BEGIN
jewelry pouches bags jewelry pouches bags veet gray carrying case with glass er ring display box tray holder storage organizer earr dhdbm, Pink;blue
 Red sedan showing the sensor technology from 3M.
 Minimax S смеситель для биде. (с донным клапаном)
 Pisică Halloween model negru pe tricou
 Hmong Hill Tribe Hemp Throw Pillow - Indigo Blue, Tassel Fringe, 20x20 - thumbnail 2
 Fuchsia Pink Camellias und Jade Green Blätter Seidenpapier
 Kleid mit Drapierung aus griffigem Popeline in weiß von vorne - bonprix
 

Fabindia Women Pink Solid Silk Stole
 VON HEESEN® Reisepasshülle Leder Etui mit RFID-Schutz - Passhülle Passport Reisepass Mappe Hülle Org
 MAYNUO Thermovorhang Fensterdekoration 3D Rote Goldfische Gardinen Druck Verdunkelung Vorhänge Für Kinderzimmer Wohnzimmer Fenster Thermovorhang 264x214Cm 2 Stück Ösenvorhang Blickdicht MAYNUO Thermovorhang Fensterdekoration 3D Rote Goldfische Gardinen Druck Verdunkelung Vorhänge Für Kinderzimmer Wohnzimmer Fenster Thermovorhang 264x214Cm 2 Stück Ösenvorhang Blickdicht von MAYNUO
END
What you have to do:
List every line above containing the word "Pink".

Final answer:
jewelry pouches bags jewelry pouches bags veet gray carrying case with glass er ring display box tray holder storage organizer earr dhdbm, Pink;blue
 Fuchsia Pink Camellias und Jade Green Blätter Seidenpapier
Fabindia Women Pink Solid Silk Stole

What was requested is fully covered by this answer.